[Start of section]

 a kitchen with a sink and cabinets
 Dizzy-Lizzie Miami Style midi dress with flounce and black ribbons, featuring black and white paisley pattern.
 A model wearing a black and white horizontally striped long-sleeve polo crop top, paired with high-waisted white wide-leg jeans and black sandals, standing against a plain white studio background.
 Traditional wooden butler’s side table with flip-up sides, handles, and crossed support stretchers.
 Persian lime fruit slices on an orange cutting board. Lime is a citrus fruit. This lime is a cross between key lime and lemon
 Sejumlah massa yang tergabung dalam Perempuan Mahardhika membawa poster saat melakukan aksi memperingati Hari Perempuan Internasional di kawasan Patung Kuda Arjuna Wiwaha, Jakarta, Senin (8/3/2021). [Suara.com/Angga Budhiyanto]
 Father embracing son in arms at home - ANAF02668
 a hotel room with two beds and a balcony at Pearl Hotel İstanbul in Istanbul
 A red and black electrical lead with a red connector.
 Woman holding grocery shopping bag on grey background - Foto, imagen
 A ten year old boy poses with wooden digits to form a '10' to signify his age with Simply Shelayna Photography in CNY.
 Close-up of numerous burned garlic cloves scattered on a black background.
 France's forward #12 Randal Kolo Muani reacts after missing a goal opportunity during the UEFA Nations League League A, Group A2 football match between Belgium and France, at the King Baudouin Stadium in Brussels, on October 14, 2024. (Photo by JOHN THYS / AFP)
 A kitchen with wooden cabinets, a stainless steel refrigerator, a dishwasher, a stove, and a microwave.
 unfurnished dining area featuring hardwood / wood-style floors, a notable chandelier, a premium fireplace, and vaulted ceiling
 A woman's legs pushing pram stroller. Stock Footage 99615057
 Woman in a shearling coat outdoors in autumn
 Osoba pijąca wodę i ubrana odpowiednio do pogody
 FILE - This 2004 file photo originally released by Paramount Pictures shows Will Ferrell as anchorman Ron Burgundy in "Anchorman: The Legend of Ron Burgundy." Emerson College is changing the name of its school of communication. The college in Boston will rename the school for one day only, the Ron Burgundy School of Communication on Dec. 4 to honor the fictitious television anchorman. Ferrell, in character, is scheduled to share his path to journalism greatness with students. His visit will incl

[End of section]

Start at the line containing "France's forward #12" and return each line up to and including the last line of the material.

 France's forward #12 Randal Kolo Muani reacts after missing a goal opportunity during the UEFA Nations League League A, Group A2 football match between Belgium and France, at the King Baudouin Stadium in Brussels, on October 14, 2024. (Photo by JOHN THYS / AFP)
 A kitchen with wooden cabinets, a stainless steel refrigerator, a dishwasher, a stove, and a microwave.
 unfurnished dining area featuring hardwood / wood-style floors, a notable chandelier, a premium fireplace, and vaulted ceiling
 A woman's legs pushing pram stroller. Stock Footage 99615057
 Woman in a shearling coat outdoors in autumn
 Osoba pijąca wodę i ubrana odpowiednio do pogody
 FILE - This 2004 file photo originally released by Paramount Pictures shows Will Ferrell as anchorman Ron Burgundy in "Anchorman: The Legend of Ron Burgundy." Emerson College is changing the name of its school of communication. The college in Boston will rename the school for one day only, the Ron Burgundy School of Communication on Dec. 4 to honor the fictitious television anchorman. Ferrell, in character, is scheduled to share his path to journalism greatness with students. His visit will incl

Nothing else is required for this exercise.